3. The wireless communication method of claim 2, wherein the available time percentage is calculated according to a number of overlapping basic service set (OBSS) corresponding to the station.

4. The wireless communication method of claim 3, wherein the available time percentage is calculated according to the number of OBSS corresponding to the station and a percentage used to transmit Bluetooth packets in airtime.

5. The wireless communication method of claim 1, wherein the current link mode is 2*2 multi-in-multi-out (MIMO) with 2.4 GHz band, the at least one candidate link mode comprises 2*2 MIMO with 5 GHz band, or a simultaneous transmit and receive (STR)/enhanced multi-link single radio (eMLSR) mode with 2.4 GHz band and 5 GHz band.

6. The wireless communication method of claim 1, wherein the current link mode is a STR/eMLSR mode with 2.4 GHz band and 5 GHz band, and the at least one candidate link mode comprises 2*2 MIMO with 2.4 GHz band or 2*2 MIMO with 5 GHz band.

7. The wireless communication method of claim 1, wherein the current link mode is 2*2 MIMO with 5 GHz band, and the at least one candidate link mode comprises 2*2 MIMO with 2.4 GHz band, 2*2 MIMO with 6 GHz band, a STR/eMLSR mode with 2.4 GHz band and 5 GHz band, or an eMLSR mode with 5 GHz band and 6 GHz band.
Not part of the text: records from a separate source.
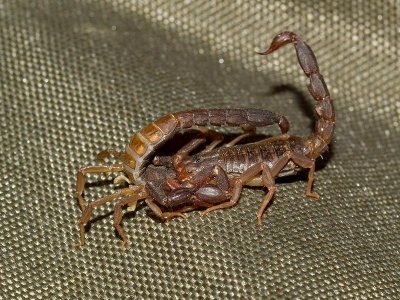 Scorpions Mating?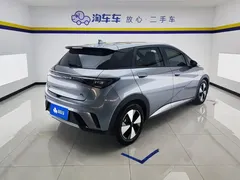2023 BYD Dolphin 420km Fashion — фото 3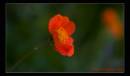 IMG_8281-Edit.jpg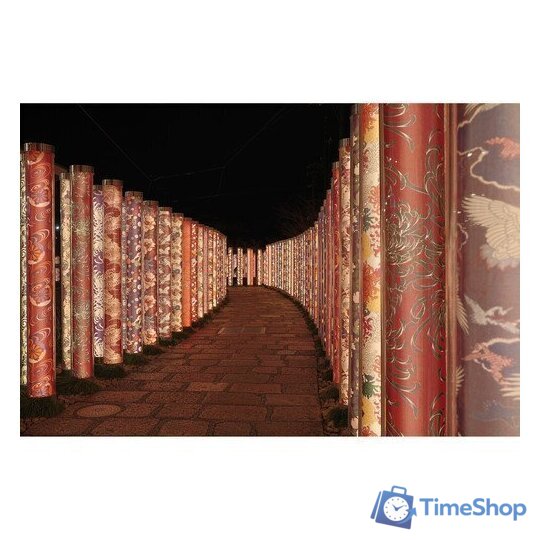 Беззеркальный фотоаппарат Canon EOS R10 RF-S 18-150mm F3.5-6.3 IS STM + адаптер крепления EF-EOS R - Изображение №19 — Интернет-магазин Time-Shop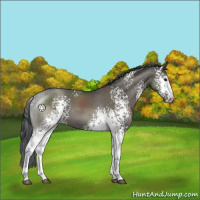 Horse Color:White Spotted Grullo Sabino 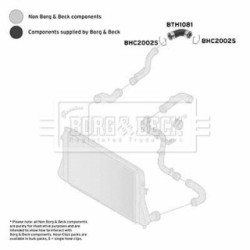 Hose Clip BORG & BECK BTH1081 OE Ref 1K0 145 790 C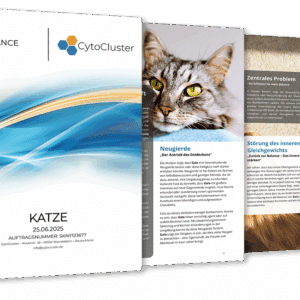 Speichelanalyse Katze – ganzheitliches Analyse-Kit für Katzen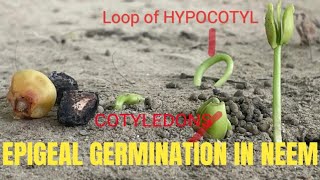 EPIGEAL GERMINATION IN NEEM SEED LIVE EXAMPLE [upl. by Tews]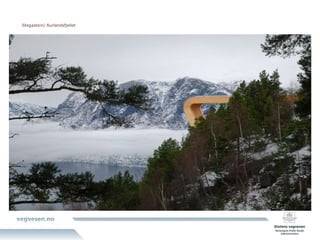 Stegastein/ Aurlandsfjellet 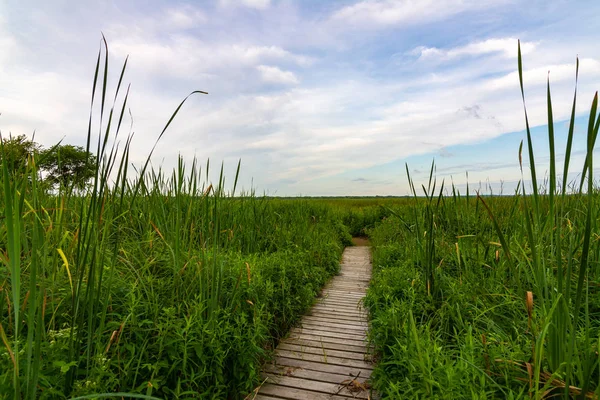 Güneşin doğuşunda ahşap yol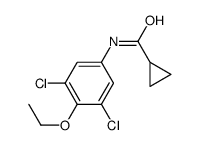 N-(3,5-dichloro-4-ethoxyphenyl)cyclopropanecarboxamide结构式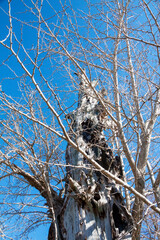 立ち枯れた木、枯れ木、木、立ち枯れ、枯れる、枯れた、樹木、自然、老木、新芽、再生、再生イメージ、枝、小枝、一本、野外、屋外、縦、タテ、コピースペース、空、晴れ、青空、晴天、快晴、くも無し、雲無し、雲なし、穴、見上げる、ローアングル、風景、冬、冬イメージ、植物、環境、環境イメージ、自然環境、大木、孤高、崇高、朽ちる、人物なし、人物無し、人なし、人無し、無人、文字スペース、生きる、伸びる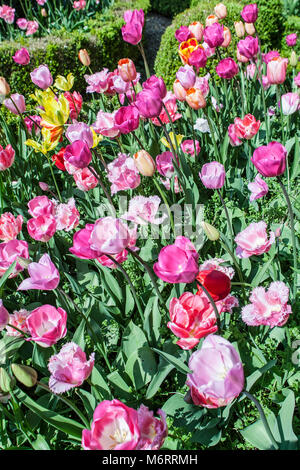 De plus en plus de variétés de tulipes parterre au printemps Banque D'Images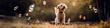 © Anastasiia - Dog Jumping To Catch Bubbles In The Air, Panorama, Banner. Generative AI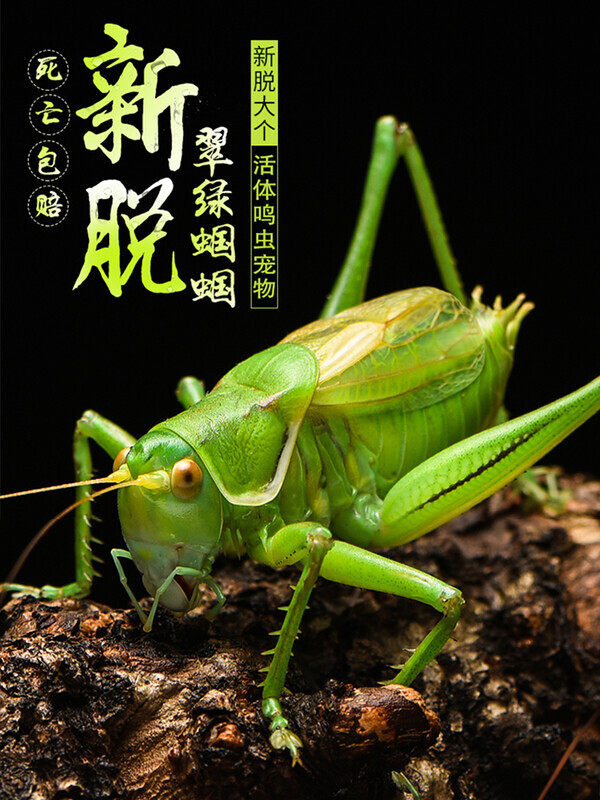 过冬蝈蝈活虫专用笼子竹编精品叫罐鸣虫饲料郝建伟铁皮叫蝈蝈食物,宠物/宠物食品及用品,特色爬宠/鸣虫,淘宝优惠券,粉丝福利购,淘宝优惠卷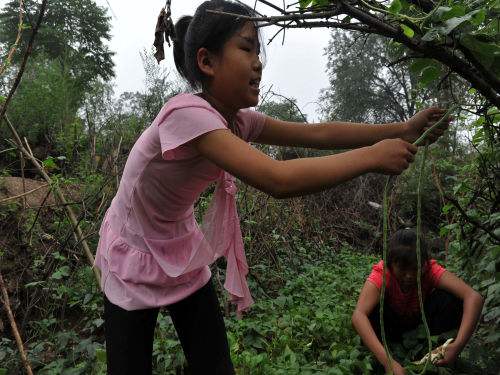 ����կŮ�˴����û��һ�������� ���Ǻܿ�������ô�����������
8. The wireless communication method of claim 1, wherein the current link mode is an eMLSR mode with 2.4 GHz band and 5 GHz band, and the at least one candidate link mode comprises 2*2 MIMO with 5 GHz band or 2*2 MIMO with 6 GHz band.
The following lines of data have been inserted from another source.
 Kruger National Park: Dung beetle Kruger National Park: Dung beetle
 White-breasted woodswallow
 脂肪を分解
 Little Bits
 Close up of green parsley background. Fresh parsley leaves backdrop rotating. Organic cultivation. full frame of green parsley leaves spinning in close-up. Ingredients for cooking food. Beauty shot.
9. The wireless communication method of claim 1, wherein the current link mode is 2*2 MIMO with 6 GHz band, and the at least one candidate link mode comprises 2*2 MIMO with 5 GHz band, or an eMLSR mode with 5 GHz band and 6 GHz band.

10. A circuitry, configured to perform the steps of: establishing multiple links with an access point, wherein the multiple links have a current link mode;determining performance of the current link mode and at least one candidate link mode, wherein frequency band (s) corresponding to the current link mode and the at least one candidate link mode are not the same; andif the performance of one of the at least one candidate link mode is greater than the performance of the current link mode, switching the link mode of the multiple links, without reconnecting to the access point, so that the one of the at least one candidate link mode serves as the current link mode to communicate with the access point.
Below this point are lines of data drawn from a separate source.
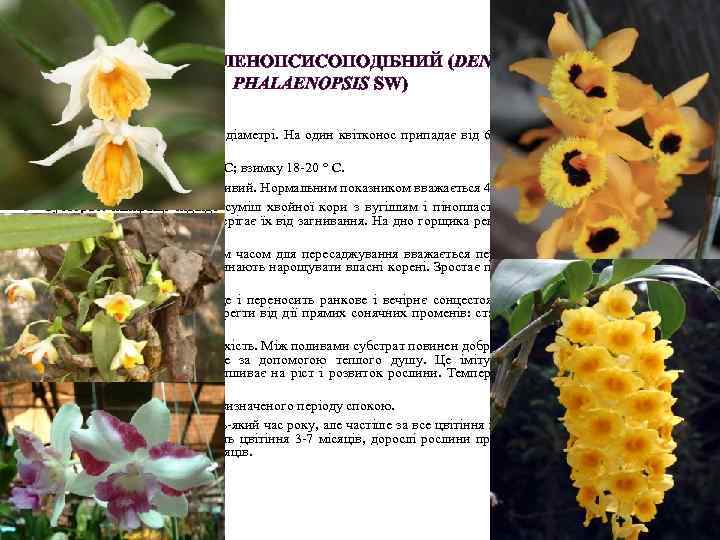 ДЕНДРОБІУМ ФАЛЕНОПСИСОПОДІБНИЙ (DENDROBIUM PHALAENOPSIS SW) Ареал: Нова Гвінея. Розмір квіток від 3 до 8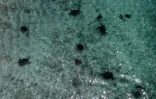 Vue aérienne de tortues de mer aux Galapagos, le 14 avril 2021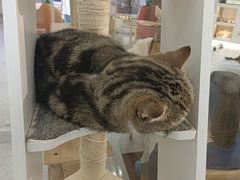 -喵园·猫主题咖啡厅·撸猫·猫咖(国贸店)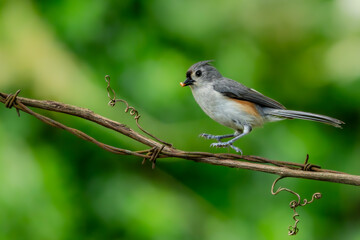 Tufted Titmouse Perched on a Tree Branch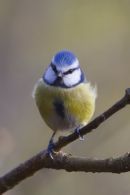 Blue_Tit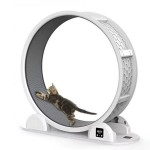 Беговое колесо для котов CutePet R04  XL с одометром  для средних и крупных пород кошек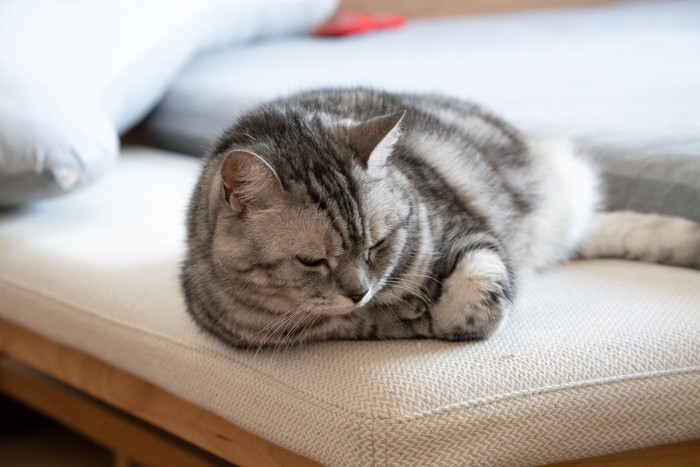 座って下を向く猫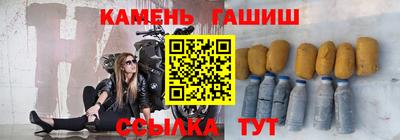 индика Кингисепп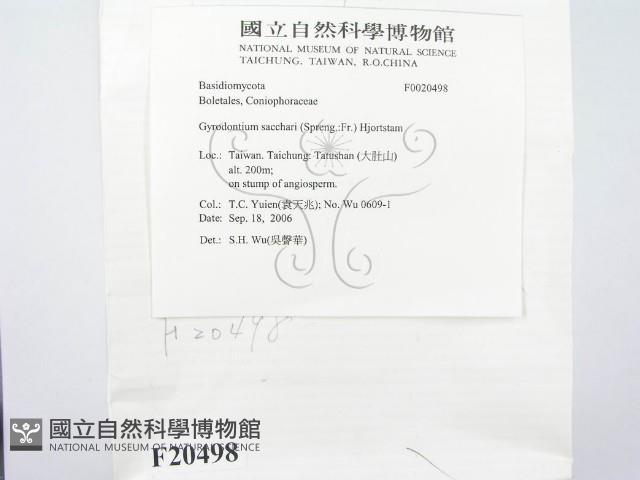 糖圓齒菌藏品圖，第2張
11. The circuitry of claim 10, wherein the performance of the current link mode and the performance of the at least one candidate link mode is calculated according a throughput of a station and an available time percentage.

12. The circuitry of claim 11, wherein the available time percentage is calculated according to a number of overlapping basic service set (OBSS) corresponding to the station.

13. The circuitry of claim 12, wherein the available time percentage is calculated according to the number of OBSS corresponding to the station and a percentage used to transmit Bluetooth packets in airtime.

14. The circuitry of claim 10, wherein the current link mode is 2*2 multi-in-multi-out (MIMO) with 2.4 GHz band, the at least one candidate link mode comprises 2*2 MIMO with 5GHz band, or a simultaneous transmit and receive (STR)/enhanced multi-link single radio (eMLSR) mode with 2.4 GHz band and 5 GHz band.

15. The circuitry of claim 10, wherein the current link mode is a STR/eMLSR mode with 2.4 GHz band and 5 GHz band, and the at least one candidate link mode comprises 2*2 MIMO with 2.4 GHz band or 2*2 MIMO with 5 GHz band.

16. The circuitry of claim 10, wherein the current link mode is 2*2 MIMO with 5 GHz band, and the at least one candidate link mode comprises 2*2 MIMO with 2.4 GHz band, 2*2 MIMO with 6 GHz band, a STR/eMLSR mode with 2.4 GHz band and 5 GHz band, or an eMLSR mode with 5 GHz band and 6 GHz band.

17. The circuitry of claim 10, wherein the current link mode is an eMLSR mode with 2.4 GHz band and 5 GHz band, and the at least one candidate link mode comprises 2*2 MIMO with 5 GHz band or 2*2 MIMO with 6 GHz band.

18. The circuitry of claim 10, wherein the current link mode is 2*2 MIMO with 6 GHz band, and the at least one candidate link mode comprises 2*2 MIMO with 5 GHz band, or an eMLSR mode with 5 GHz band and 6 GHz band.